Cleaning is hard! Let's go shopping!
December 29, 2011 3:10 AM   Subscribe

Barbie Trashes Her Dreamhouse is a series of photos of a Barbie-sized house, in which Barbie is a hoarder and the place is stuffed full of shopping bags, pizza boxes, newspapers, and other debris, all in realistic miniature form. It's the work of artist Carrie M. Becker, who has previously created somewhat neater scenes -- as well as some rather ominous.
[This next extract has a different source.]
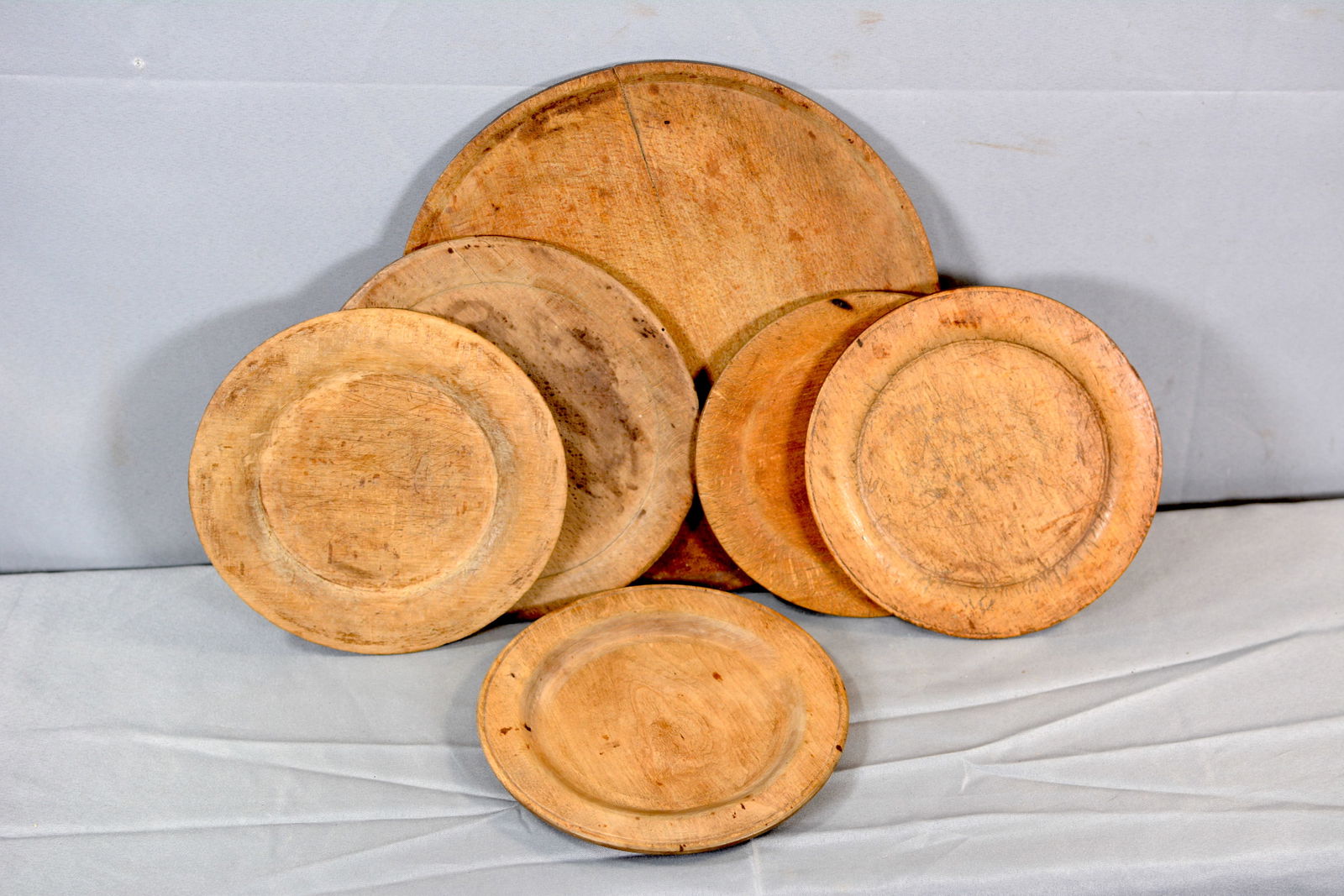 Group of Treenware Wooden Plates (1 of 9)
Her website also features photography of abandoned farmhouses that is beautifully sad (I particularly love "Rays of Light"), and fiber sculptures that seem as if they could be growths in these abandoned, neglected homes.
posted by litlnemo (26 comments total) 59 users marked this as a favorite
Wow. I've always been amazed at how much detail people manage to pack into these things. The 'Barbie Trashes Her Dreamhouse' set is really stunning. (And I love the title!)
posted by anaximander at 3:23 AM on December 29, 2011 [1 favorite]

Wow. This is fantastic!

Except for that one room that hits a little close to home. That's a little embarrassing... I have to go tidy up!
posted by -harlequin- at 4:28 AM on December 29, 2011 [1 favorite]
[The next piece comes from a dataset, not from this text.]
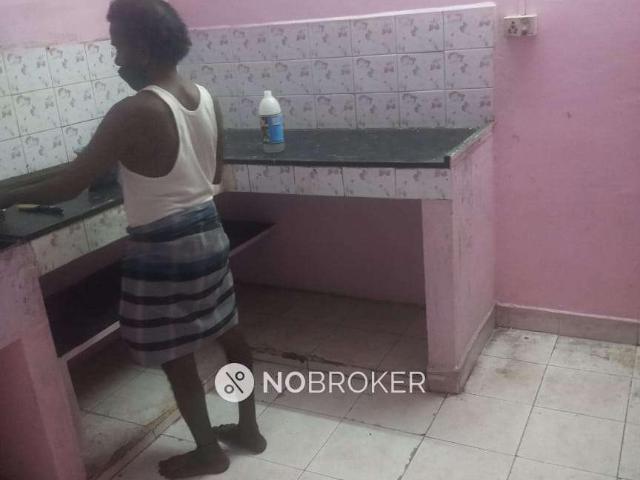 2 BHK Flat In Salim Apartment For Sale In Virugambakkam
I am fascinated with hoarding and hoarders (even before the show made that fascination mainstream) and the absolute perfection in the details of all these miniatures is just astounding. Terrific work.
posted by xingcat at 4:40 AM on December 29, 2011 [1 favorite]

I guess she didn't handle Ken's coming out and running off with post-DADT GI Joe too well.
posted by The 10th Regiment of Foot at 4:46 AM on December 29, 2011 [11 favorites]

I always thought that when Barbie trashed her dream house, it would be in fit of vodka-and-pill-induced rage. The hoarding just seems out of character for her.
posted by TheWhiteSkull at 5:05 AM on December 29, 2011 [3 favorites]

Thank you, litlnemo. I'd been waiting for inspiration/guilt to strike and inspire me to make a really solid New Year's Resolution--and here it is. Some of those rooms look just a little too too familiar for comfort.
posted by cupcakeninja at 5:27 AM on December 29, 2011 [3 favorites]

This is creepy as fuck.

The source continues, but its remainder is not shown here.